A cold snap in California and Mexico is expected to push the prices up on fruits and veggies as the unseasonable conditions take a toll on the quality and quantity of the produce being harvested by farmers.

Temperatures have dipped below the freezing mark over the past couple of weeks damaging many crops.

Leafy greens, spinach, zucchini, cucumbers and broccoli are among the items that are now in short supply.

"It is a little bit frustrating. Some days I’ll come in and there's a whole abundant of different fruits and vegetables and other days I come in and it's a bit scarce and that seems to last for a while," said consumer Gibran Shah.

There could also be an increase in the price of some citrus fruits as freezing temperatures put harvests in jeopardy.
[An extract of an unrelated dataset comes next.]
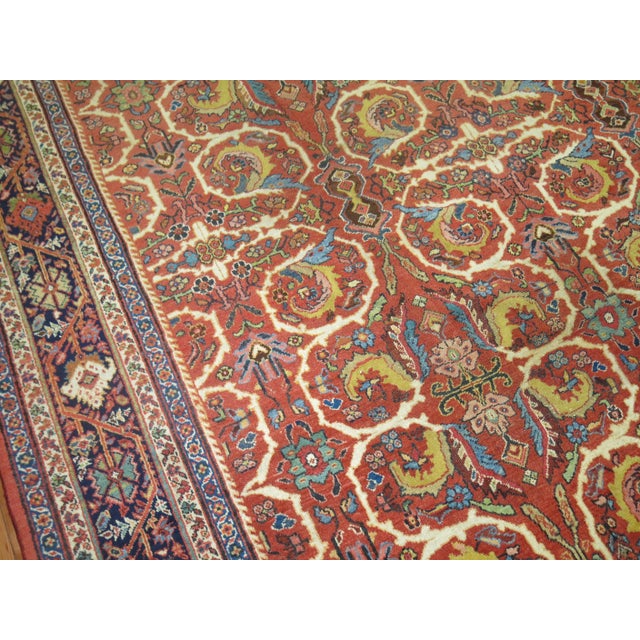 Zabihi Collection Antique Persian Mahal Sultanabad Rug - 10'4" x 13'8" For Sale - Image 12 of 12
According to some estimates, one-quarter of the region's orange varieties have already been affected.

Local grocery retailers are also frustrated by the lack of supply.

Kevin Burbank is the produce manager at spud.ca, a home delivery service,  and he says this is the worst shortage he has seen in the last 10 years.

"Broccoli has literally doubled or tripled in price in the last month so we're trying to absorb some of that but it depends how long this goes for before our prices really have to go up to accommodate this," said Burbank.

Forecasters are predicting a warm up for the southern states and Mexico and produce experts say some crops will likely recover but others will have to be replanted which will delay delivery to stores for several weeks.

In January 2007, California experienced a severe cold spell with temperatures in some regions dropping below freezing for four consecutive nights. That resulted in roughly US$77 million in losses to the Imperial Valley alone, according to reports. Across California, losses reached $1.32 billion.

The Canadian Produce Marketing Association said it expects a much less severe impact this time around, and said price increases are likely to be short lived.